Y ahora, Venerables Hermanos, vuelve Nuestra exhortación al punto de donde partió. Es, que todos, pastores y rebaños, se acojan, sobre todo durante el mes que se avecina, bajo el manto protector de la Santísima Virgen. Que en público y en privado, con alabanzas, plegarias y ofrecimientos, se unan todos para invocarla y suplicarla como a Madre de Dios y Madre nuestra, clamando: Mostrad que sois nuestra Madre[xxiv]. Que su maternal clemencia conserve a su universal familia al abrigo de todos los peligros; que la haga gozar de prosperidad verdadera fundada en la santa unidad. Mire con benevolencia a los católicos de todos los pueblos, y, uniéndolos más estrechamente cada día con los lazos de la caridad, los vuelva prontos y constantes para sostener la gloria de la Religión, en la que van incluidos asimismo los mayores beneficios para el Estado.

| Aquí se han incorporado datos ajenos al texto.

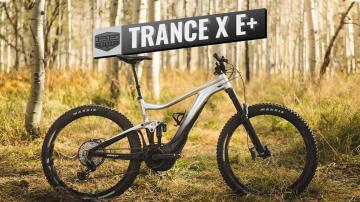 Электровелосипед Giant Trance X Advanced E 2 - Обзор модели, характеристики, отзывы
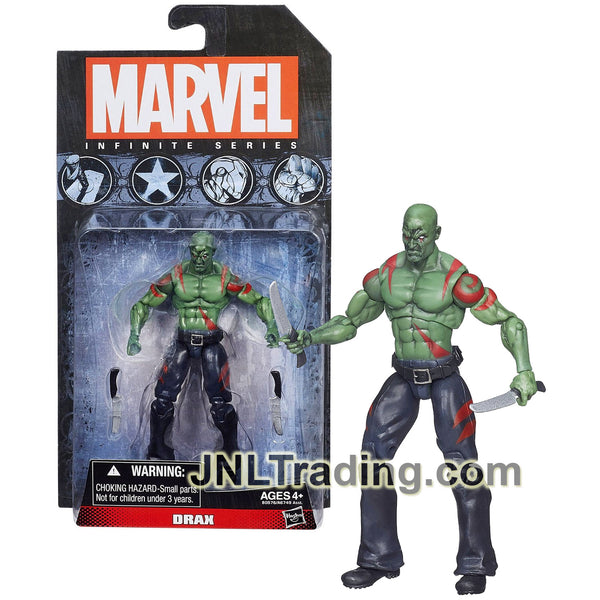 Marvel 2014 スターロード デスズヘッド レッドシーハルク Drax JNL_e8f05184-081e-47a6-b9c1-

XVII. Plegaria a María por los disidentes.
Dígnese Ella mirar asimismo con especialísima benevolencia a los pueblos disidentes, naciones grandes e ilustres en que laten tantos corazones generosos, conscientes de sus deberes cristianos; dígnese suscitar en ellos anhelos saludables y nobles propósitos, y después de haberlos suscitado favorezca su realización.

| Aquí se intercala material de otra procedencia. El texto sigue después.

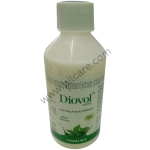 Diovol Oral Solution Mint Sugar Free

En cuanto a los disidentes orientales quiera Ella recordar la devoción acendrada que le profesan y las gestas sublimes que sus antepasados realizaron por la gloria de su nombre. En cuanto a los occidentales baste rememorar el utilísimo patrocinio con que Ella reconoció y recompensó la eximia devoción que todas las clases sociales le manifestaran en el transcurso de muchos siglos.
Logre ser oída la voz suplicante del Oriente y del Occidente y de todas las naciones católicas dondequiera habiten; logre ser oída la Nuestra que desde lo más profundo del alma clama: Mostrad  que sois Nuestra Madre.
Bendición Apostólica.
Entre tanto, y como testimonio de Nuestra benevolencia os impartimos con amor la bendición Apostólica a vosotros, a vuestro clero y al pueblo confiado a vuestro cuidado. Dado en Roma, junto a San Pedro, el 5 de Septiembre de 1895, año decimoctavo de Nuestro Pontificado. León XIII

[i] Col. 4, 2.
[ii] Juan 19, 26.
[iii] San Anselmo, Or. 47, antes 46.
[iv] Lc. 2. 19; 2, 51.
[v] "Dominam nostram", "mediatricem nostram", San Bernardo serm. 2 in adv. Domini n. 5.

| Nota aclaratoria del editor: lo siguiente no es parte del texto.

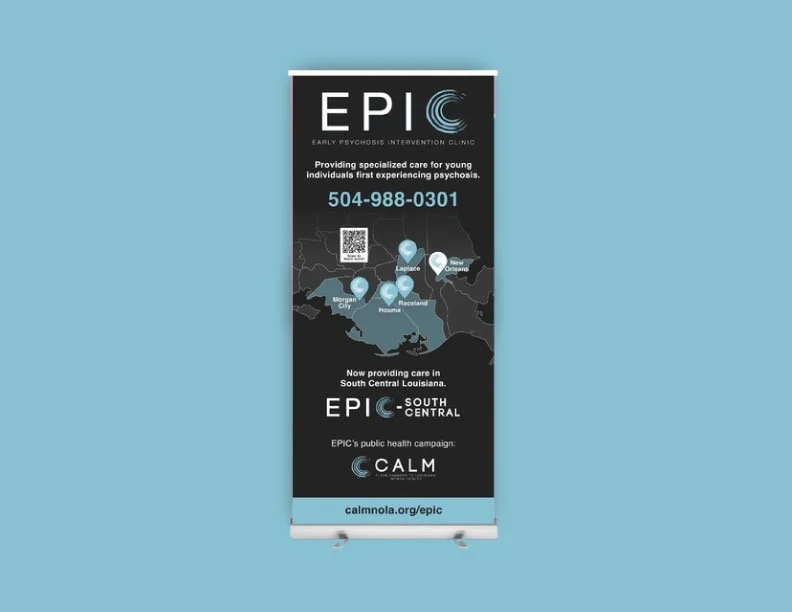 The success of the CALM campaigns contributed to EPIC clinic's expansion across the country, bringing specialized care to more communities in need.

[vi] Ipsam "reparatricem totius orbis", S. Tharasius or. in praesent. Deip.
[vii] Ipsam "donorum Dei conciliatricem". in offic. graec. VII dec., Theotokion, post oden IX. 
[viii] Hbr. 12, 2.
[ix] Lc. 1, 52.
[x] S. Germán de Constantinopla or. 2 in dormit. B.M.V.
[xi] San Cirilo Alej. Hom. contra Nestorium.
[xii] San Cirilo Alej. Hom. contra Nest
[xiii] Del Himno griego "Akátistos".
[xiv] San Juan Damasceno. or. in annuntiat. Dei Genitr. n. 9. 
[xv] San Germán de Constantinopla or. iu Deip praesentat. n. 14.
[xvi] En el Oficio B.M.V.
[xvii] Hebr. 1, 14.
[xviii] 1 Pelr. 2, 9.
[xix] San Germán In Hist, a dormit, Deiparae.
[xx] Men. 5 de Mayo Theodokion post od. IX de S. Irene V. M
[xxi] 1 Coro 1, 13
[xxii] Rom. 7, 4.
[xxiii] Gal. 4. 19.
[xxiv] Del himno lit. A ve Maris Stella.